*Image-text web data:*
————————
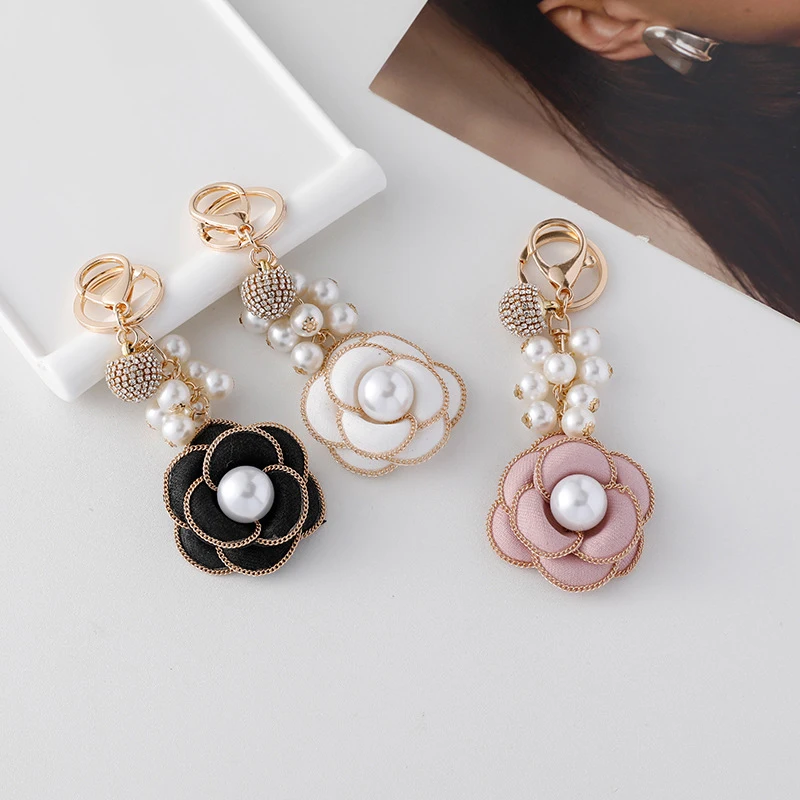 Boutique French Fragrant Breeze Pearl Perfume Chain Camellia Flower Keychain Car Key Bag Charm Women Girl Keyring Gift Jewelry — zdjęcie 5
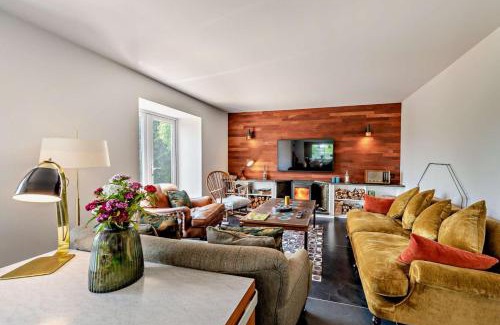 Barnstaple House | Hidden Valley Farmhouse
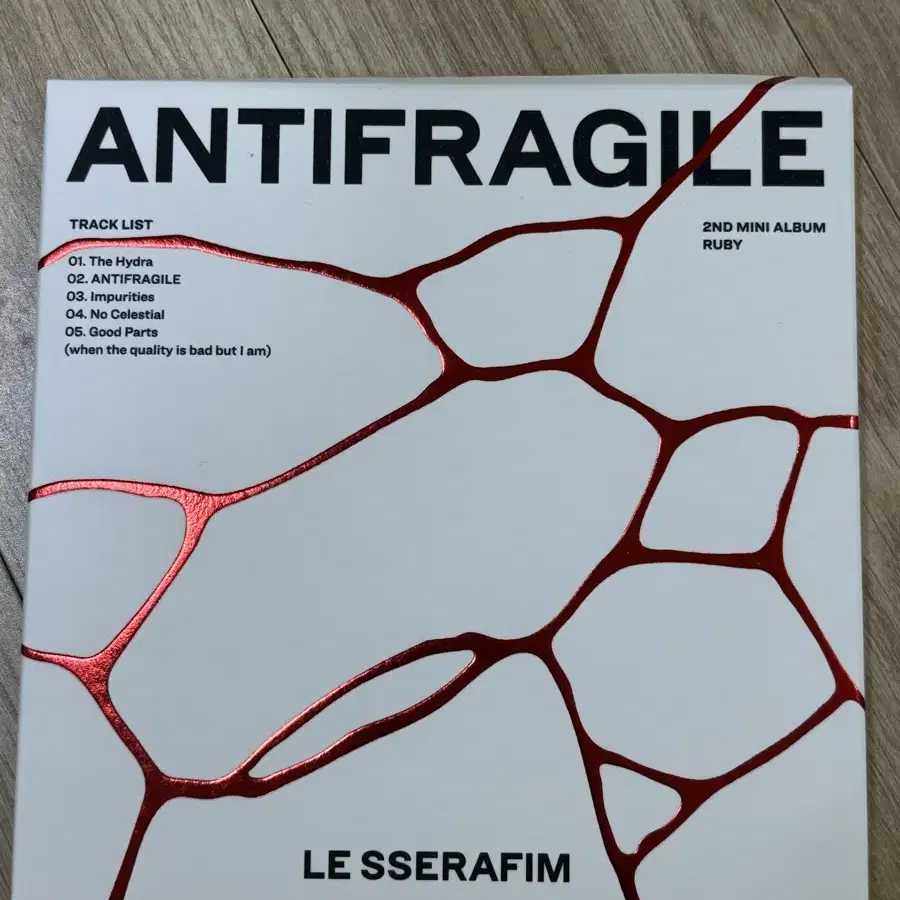 르세라핌 ANTIFRAGILE 미니 개봉 앨범 팝니다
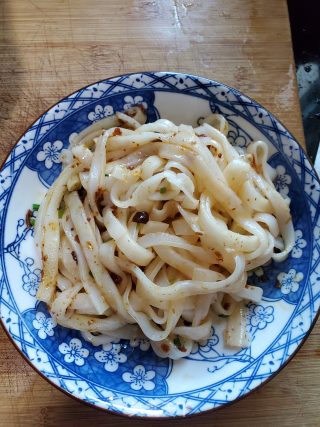 虾肉酱拌河粉的做法步骤：8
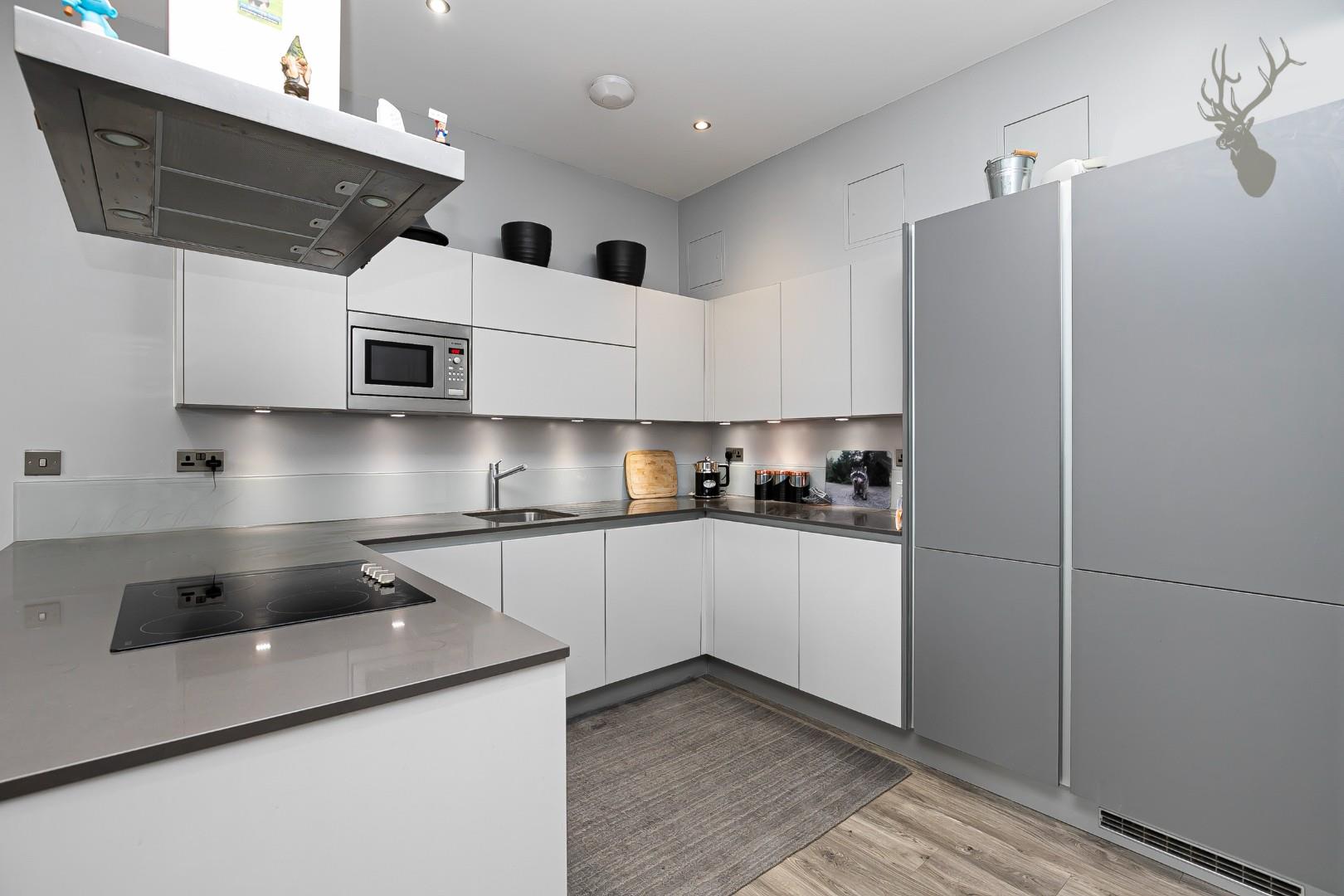 2 bedroom flat for sale, Cobalt Place, Loughton, IG10, photo 5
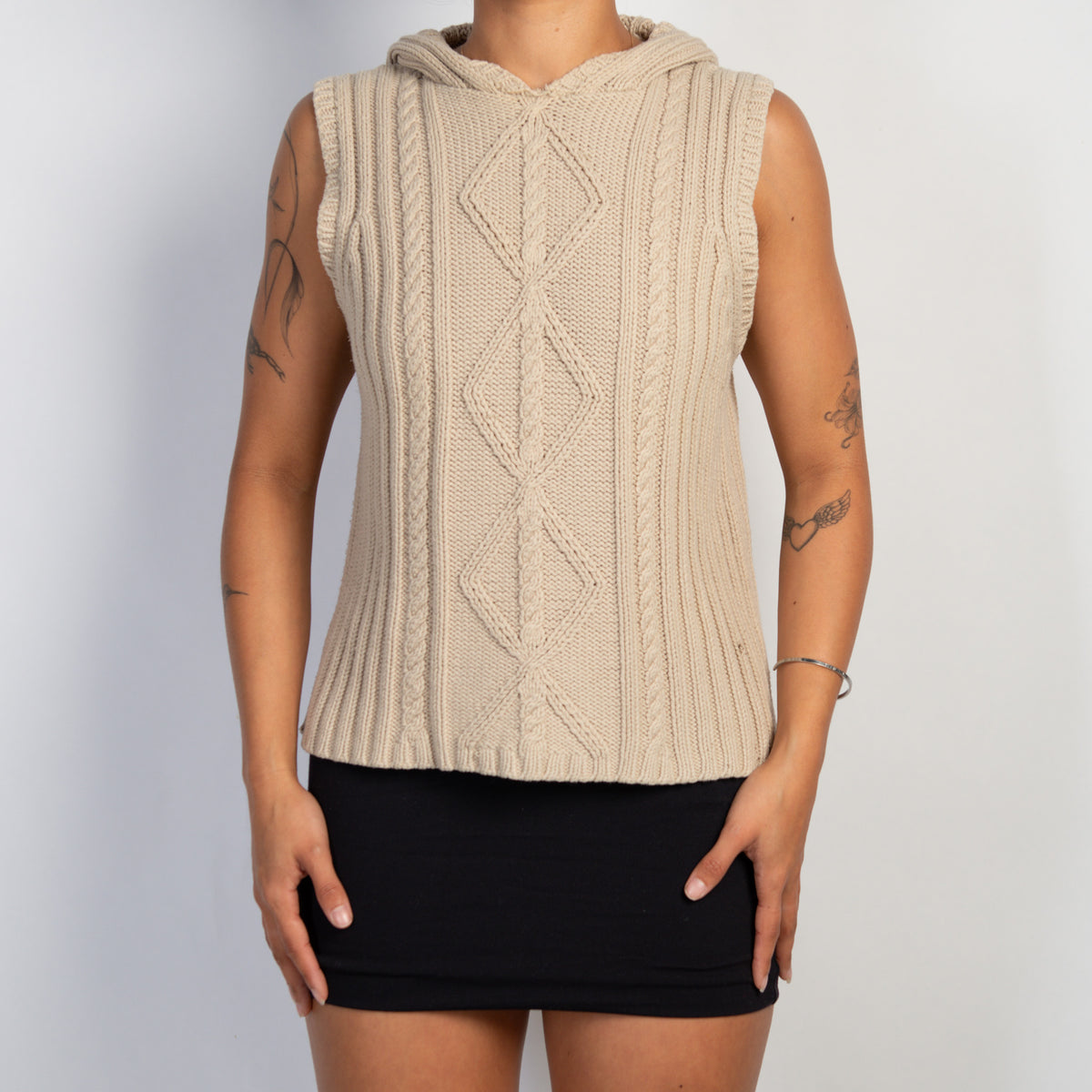 BEIGE KNIT HOODED TOP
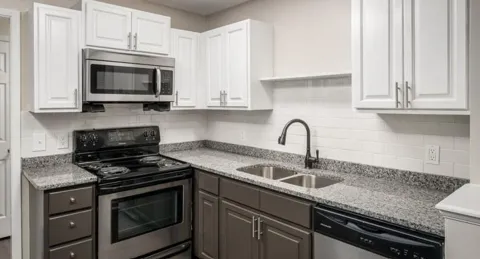 7100 Roswell Road #40007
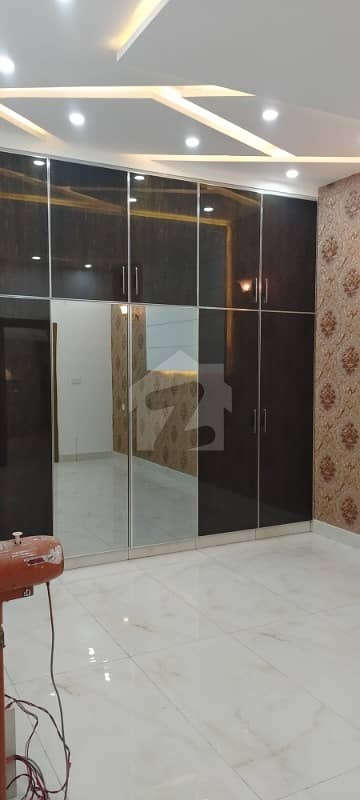 ایڈن ویلی فیصل آباد میں 4 کمروں کا 7 مرلہ مکان 2.25 کروڑ میں برائے فروخت۔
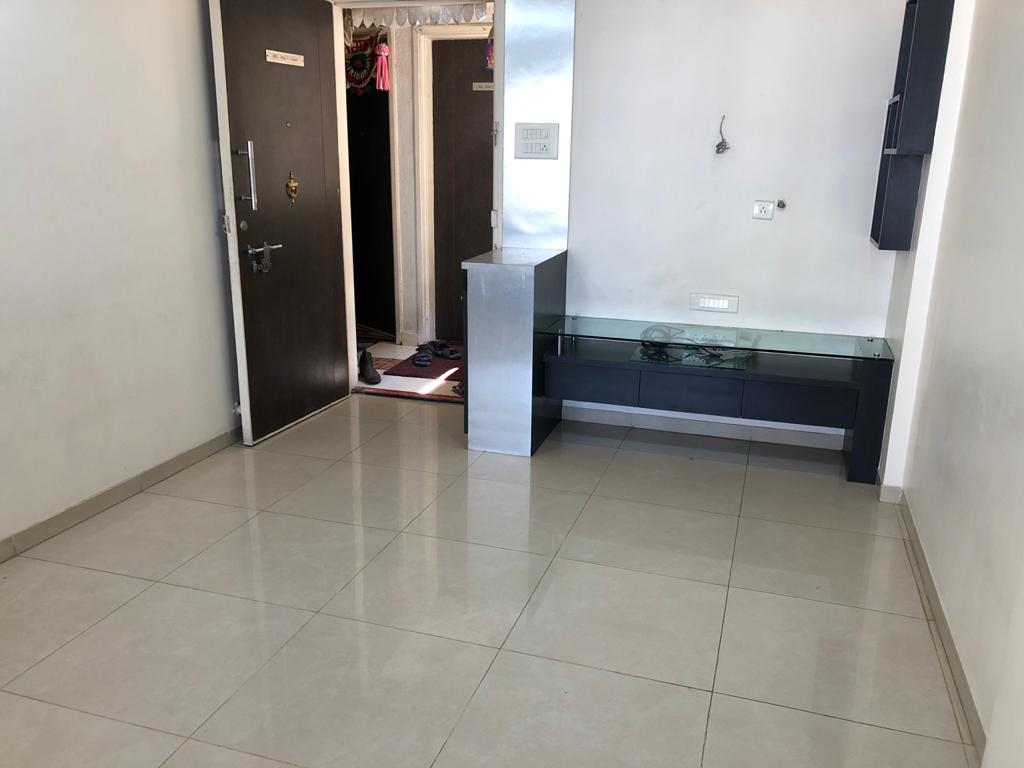 2 BHK + Servant Room 1000 Sq.Ft. Apartment in Paranjape Schemes Madhukosh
————————
*Exercise:*
Starting where a line contains "BEIGE KNIT HOODED TOP" and finishing at the last line above, set down every line exactly as it reads, with no pictures.

*Answer to this exercise:*
 BEIGE KNIT HOODED TOP
 7100 Roswell Road #40007
 ایڈن ویلی فیصل آباد میں 4 کمروں کا 7 مرلہ مکان 2.25 کروڑ میں برائے فروخت۔
 2 BHK + Servant Room 1000 Sq.Ft. Apartment in Paranjape Schemes Madhukosh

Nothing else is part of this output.